Extracted records:
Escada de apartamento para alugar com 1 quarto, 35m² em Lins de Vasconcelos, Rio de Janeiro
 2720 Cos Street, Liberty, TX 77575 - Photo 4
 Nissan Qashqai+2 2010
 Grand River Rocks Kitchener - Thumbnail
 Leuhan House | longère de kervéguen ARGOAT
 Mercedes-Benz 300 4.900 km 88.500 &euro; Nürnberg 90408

TASK DETAILS: Print every record above exactly as it was given.

COMPLETED EXERCISE:
Escada de apartamento para alugar com 1 quarto, 35m² em Lins de Vasconcelos, Rio de Janeiro
 2720 Cos Street, Liberty, TX 77575 - Photo 4
 Nissan Qashqai+2 2010
 Grand River Rocks Kitchener - Thumbnail
 Leuhan House | longère de kervéguen ARGOAT
 Mercedes-Benz 300 4.900 km 88.500 &euro; Nürnberg 90408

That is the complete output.